The reversed audio alone is less compelling, though still striking — here's her peroration, reversed via Audacity:

(The whole original video is here.)

For more on the weirdness of backwards speech, see e.g. here.


  1. Duncan said,

    August 25, 2020 @ 10:28 pm

    Funny video it is. I'd missed it (and while I follow news I'm deliberately skipping the conventions themselves) so thanks. I understand the coverage of her speech a bit better now.

    Years (decades, late 80s) ago when I was in college, I had one of those auto-reversing Walkman-style tape players. I took it apart and rewired the pickup head thru a DPDT switch (double-pole because it was stereo, double-throw for forward and reverse), so I could switch the audio between forward and reverse directions. It was a bit of an engineering project getting the extra wire and the switch to fit inside without blocking any critical mechanisms but I did it… and before digital processing made it easy, too! =:^)

    So I'm quite familiar with reversed audio and even occasionally detect it in special effects and the like. Normal vs. reversed initial attack and termination patterns are particularly easy to pick up, once you've listened to hours of audio (music) both forward and backward, as I did.

    What only hit me now (possibly because most of my previous "reverse" experience was with music, not plain speech) was how similar reverse English and forward Navajo (which I was exposed to in the 80s and still hear occasionally here in Phoenix) sound. I'd suggest it has to do with the Navajo gutturals changing the attack patterns from those we're used to in English (and the Spanish I commonly hear today, and the East African languages I was exposed to as a kid in the 70s), making them sound similar to those of reversed English.

    Does Russian have similar guttural attack patterns? I'm not familiar with it but for limited youtube, etc, but it seems to me it does. Not as heavy as Navajo, however.

    Does the same hold in reverse? Does reversing such languages give them patterns closer to normal English/Spanish/etc, just as reversing English makes it sound (at least to me) like these other languages?

  2. AntC said,

    August 26, 2020 @ 2:08 am

    Thank you for the opportunity to comment on Guilfoyle's speech. I was on the point of raising it with myl anyway, because to my ear:

    (played forward) it sounds like she's trying to mimic the cadence of Southern black Baptist/gospel ministers. Like a poor imitation of MLK.

    From her biog, it doesn't seem like such speaking style would be a part of her upbringing. Does she usually talk like that?
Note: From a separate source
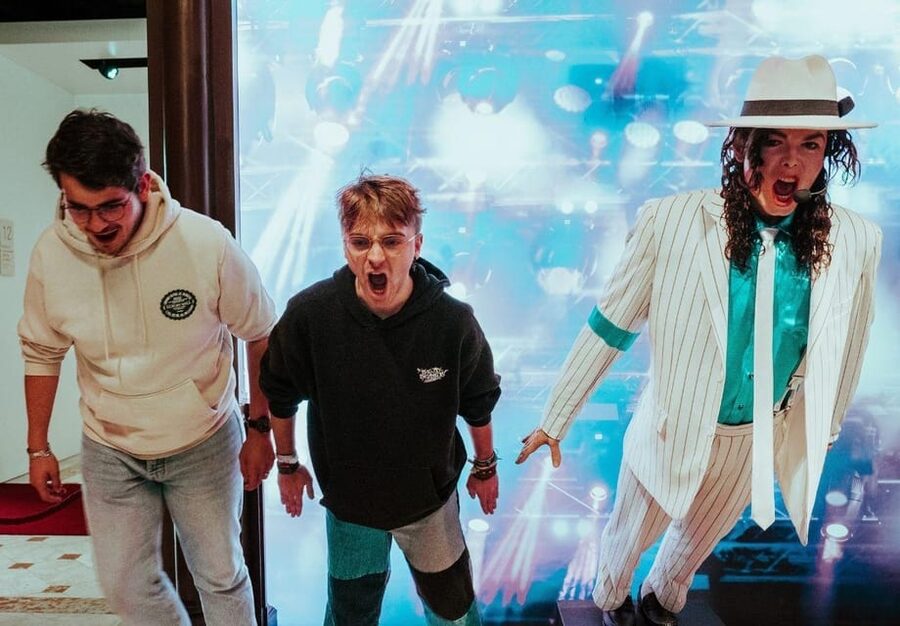 Barcelona: Wax Museum Entry Ticket - From Picasso and Obama to Billie Eilish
On TV/podcasts? In 'real life' (whatever that might mean in her milieu)?

    Here's Guilfoyle in a more conversational mode:

    What she's aiming for in the RNC speech, I think, is this:


  3. Trogluddite said,

    August 26, 2020 @ 2:27 pm

    Besides the reversed words themselves, a couple of other things stood out to me, both of which heightened the "weirdness".
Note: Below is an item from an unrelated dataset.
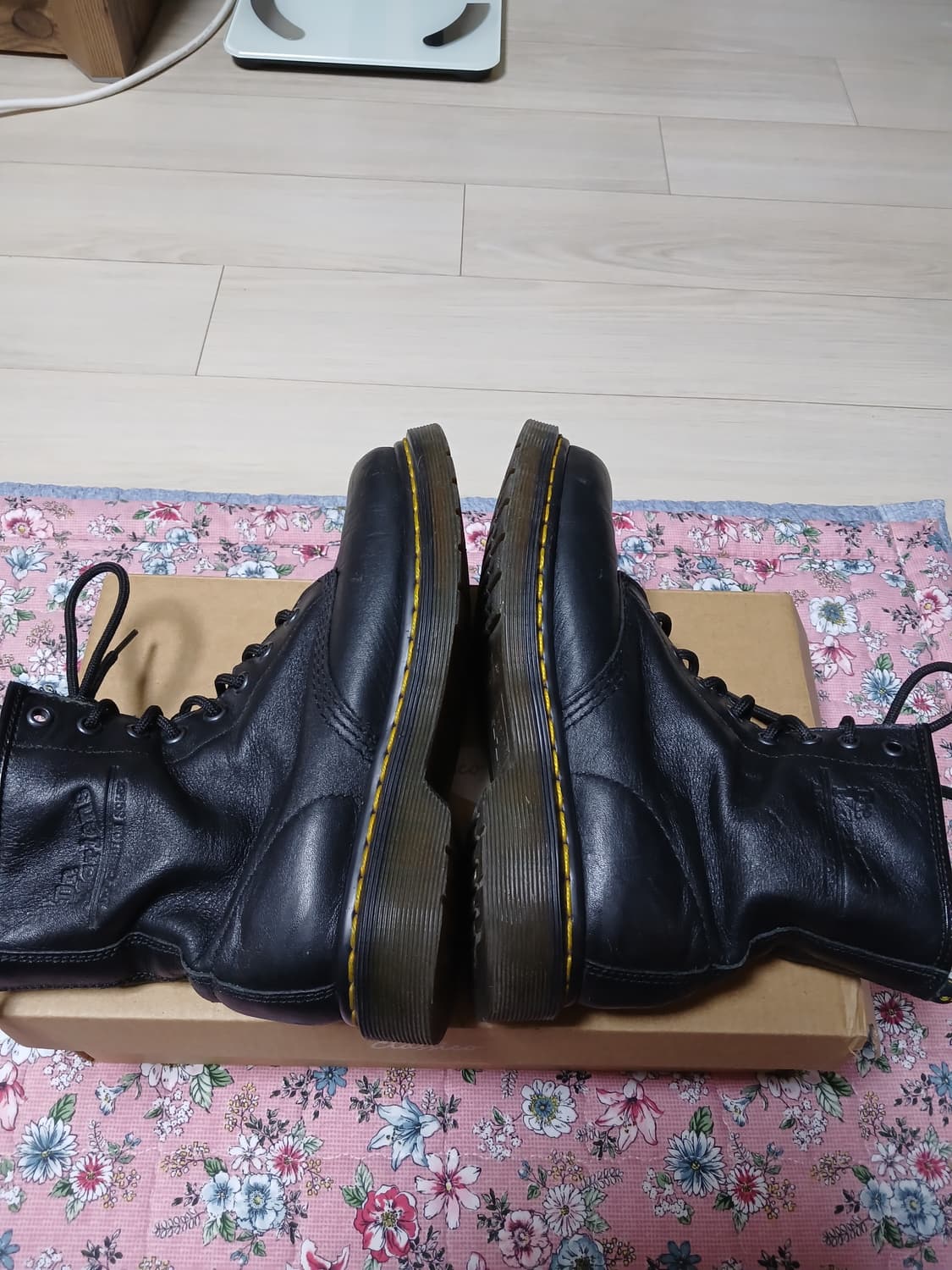 닥터마틴(uk4, 약 230~235mm)
 상품이미지8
    The reversed room reverberation (and/or sound amplification in the room) is very distinct. Reverberation and/or echoes which precede the sound source are a staple sound-effect in horror and sci-fi media for suggesting malevolence or hallucination.

    The phrases seem well chosen for the resulting reversed prosodic cues – those with rising pitch, volume, and speed seem especially disturbing!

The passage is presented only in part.